■ Task brief:
No pictures belong in the copy. Retype exactly, and only, the stretch of lines below from the one with "Enchanted in the" through the one with "2023 FORD BRONCO 3FMCR9B64PRE21363 72906084".

■ Records supplied:
┏━━

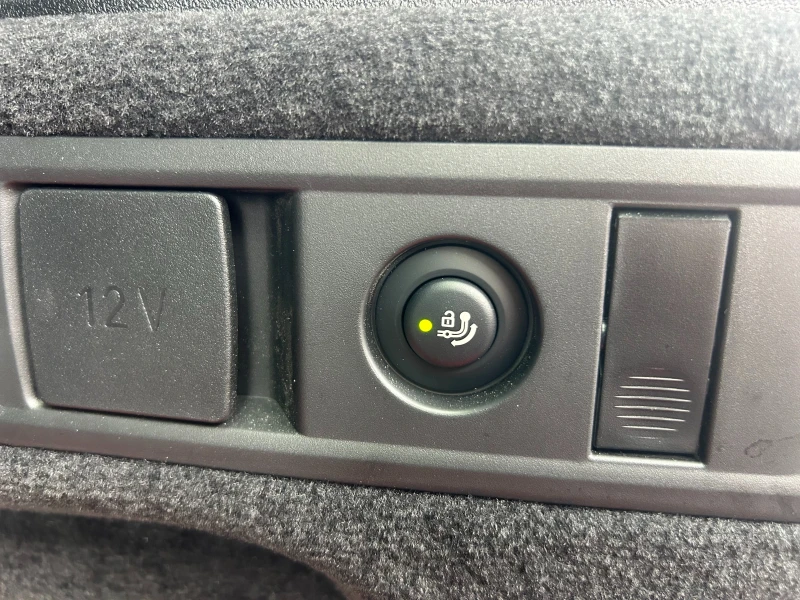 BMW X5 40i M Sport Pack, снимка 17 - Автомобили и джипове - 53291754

┗━━
┏━━

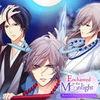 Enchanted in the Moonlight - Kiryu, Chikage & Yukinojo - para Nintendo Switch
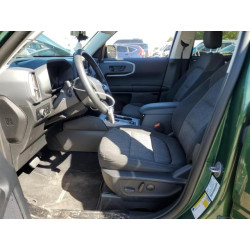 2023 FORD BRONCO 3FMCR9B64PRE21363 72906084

┗━━

■ Result below:
 Enchanted in the Moonlight - Kiryu, Chikage & Yukinojo - para Nintendo Switch
 2023 FORD BRONCO 3FMCR9B64PRE21363 72906084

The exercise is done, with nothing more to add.